**WHAT THE EXERCISE ASKS**
Every entry below has to appear again in your reply, word for word, but no picture may.
### DATA
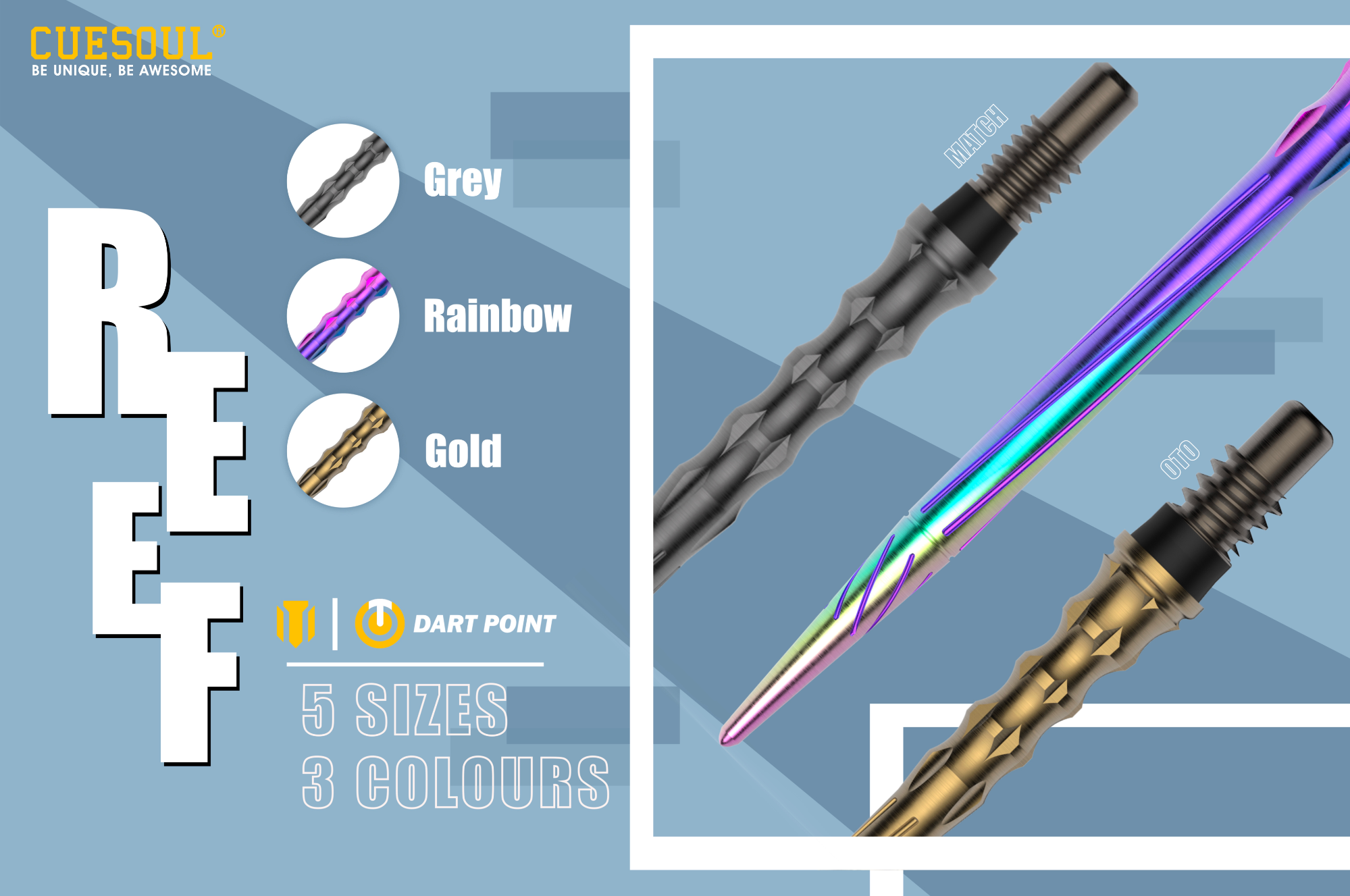 CUESOUL Official Darts and Billiards Online Store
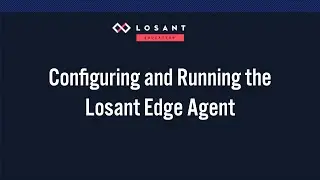 Running the Losant Edge Agent on a Raspberry Pi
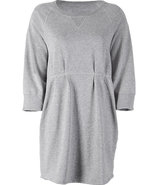 Heathergrey Melange Cotton Dress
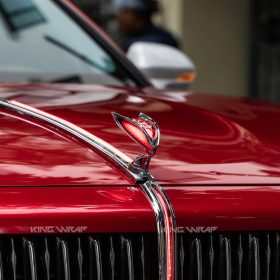 Dán đổi màu Hongqi H9 phong cách Maybach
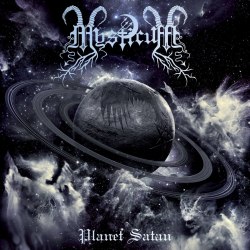 MYSTICUM - Planet Satan (особые номера) CD Industrial Black Metal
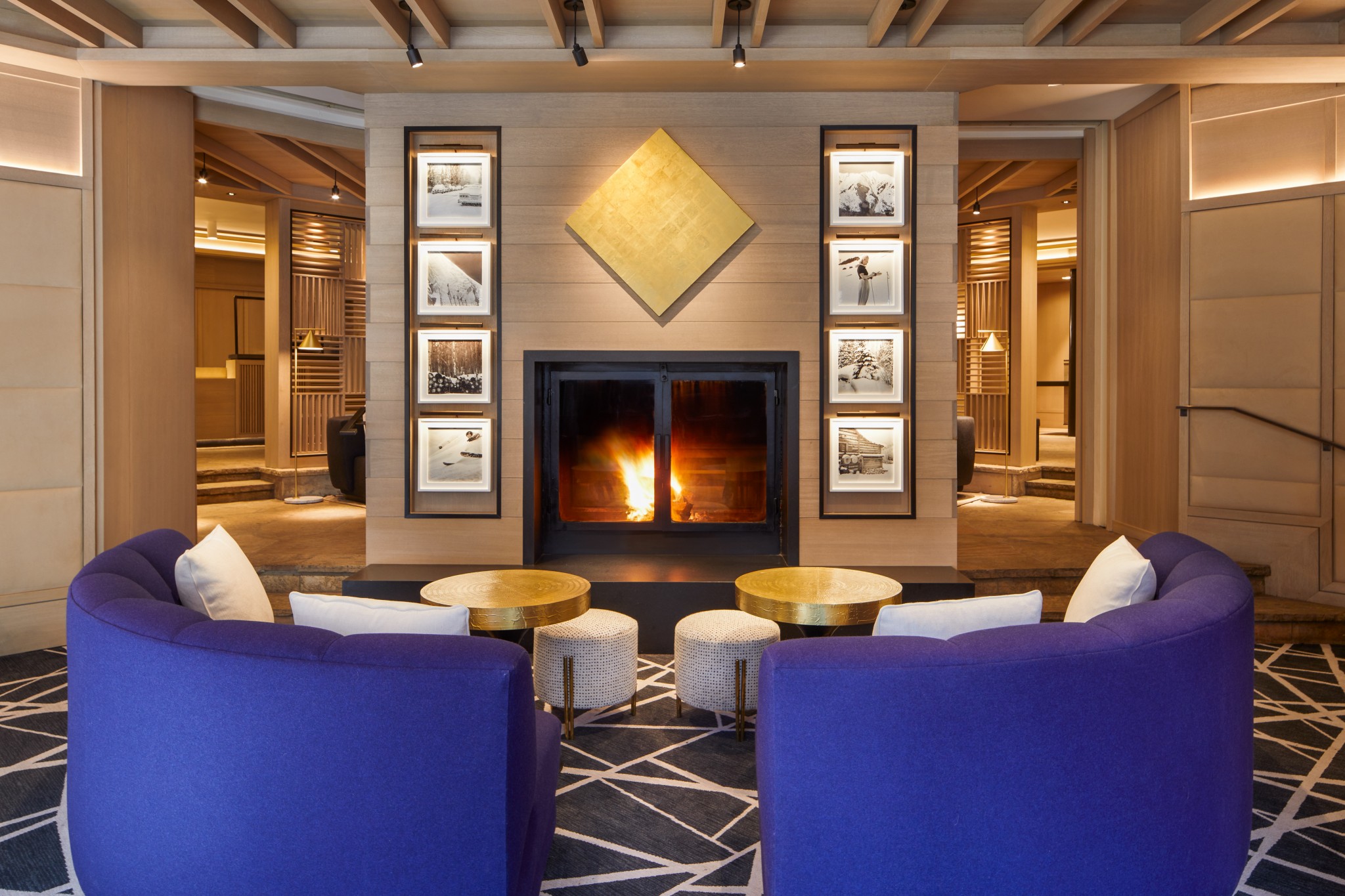 Unveiling The Little Nell's Chic New Lobby + Living Room - Colorado ...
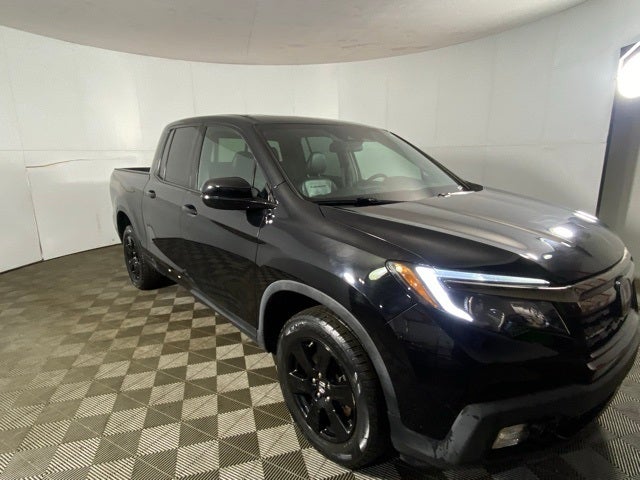 2017 Honda Ridgeline Black Edition
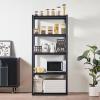 imageVEVOR Storage Shelving Unit 5Tier Adjustable Storage Shelves 48quot L x 24quot W x 72quot H Heavy Duty Garage Storage Shelves Metal Shelves for Kitchen Pantry Basement Bathroom Laundry18 D x 32 W x 72 H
######
**FINISHED EXERCISE**
 CUESOUL Official Darts and Billiards Online Store
 Running the Losant Edge Agent on a Raspberry Pi
 Heathergrey Melange Cotton Dress
 Dán đổi màu Hongqi H9 phong cách Maybach
 MYSTICUM - Planet Satan (особые номера) CD Industrial Black Metal
 Unveiling The Little Nell's Chic New Lobby + Living Room - Colorado ...
 2017 Honda Ridgeline Black Edition
 imageVEVOR Storage Shelving Unit 5Tier Adjustable Storage Shelves 48quot L x 24quot W x 72quot H Heavy Duty Garage Storage Shelves Metal Shelves for Kitchen Pantry Basement Bathroom Laundry18 D x 32 W x 72 H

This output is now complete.